I left Brussels on the 7:28 am train headed for Cologne. During the train ride, I noticed a group of friends dressed up in matching superhero outfits. I started to become concerned that attending carnival by myself would be like sitting on the bench at a soccer game - spectating but not participating.
Arriving at the station in Cologne, was like arriving at Universal Studios. To my left was a storm trooper and Jake Sparrow, to my right a guy in a disco uniform and in front of me a group of Smurfs. The klang of percussion and brass instruments beckoned from outside of the station. Impromptu bands littered the 200 meter concrete block between the train station's front doors and, opposite to it, the magnificent cathedral climbing high into the sky. I also smelled the telltale signs of a festival - bratwurst, hot dogs and french fries. The party "stimmung" (mood) enveloped me. If you didn't know there was a festival going on, I imagine it would be a real shock to arrive at a train station filled with 1,000s of people in random costumes.

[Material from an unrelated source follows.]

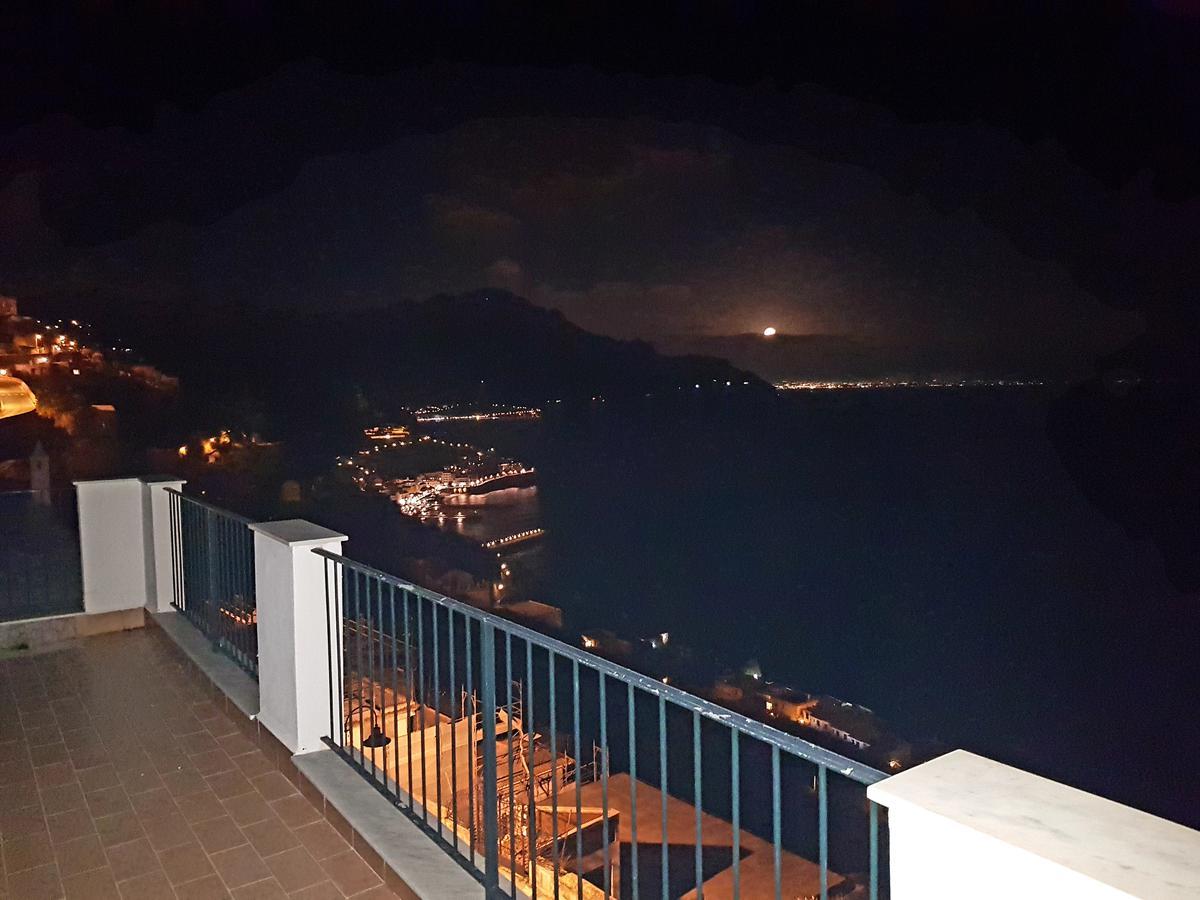 Aparthotel Amalfi Hills Exterior foto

I left the train station and made my way to altermark, where, according to my research, there was a free event with the Dreigestirn (three officials of Carnival, the prince, the farmer and the virgin) to Kick Off the crazy days at 11:11am. Turns out that the Kick Off event is not free, it costs 20 euros, and guess what, it’s sold out. I was able to convince a security guard patrolling the party entrance to let me in by telling him I would only need five minutes to take pictures. Inside, the grandstand area was filled with jecken, or clowns. These jecken didn't necessarily look like traditional clowns. Instead, it looked like some had dug deep into their grandparent's closet and put on the most colorful, mismatching clothing they could find.
After snapping a couple of pictures from the lower area, I headed up to the grandstand to get a better view. I was still feeling a little uneasy about being out of costume. All of my fears were put to rest when an older lady took me by the arm, inviting me to join in on what the Germans call schunkeln. Basically, you just interlock arms and sway back and forth to the music. Really the easiest dance I've ever done. From that point on, people in the area wanted to know more about me. Where did I come from, what did I do, did I want a Frikadele? With mustard? Why of course I do. Do you want some prosecco? I didn’t drink out of this side of it. Why not? It turns out that I had a lot of pictures to take. I ended up staying two hours. Hey, it’s carnival!
The rest of the day went like this. I needn't have worried about being a spectator. If you can schunkeln, you will never be left sitting on the bench.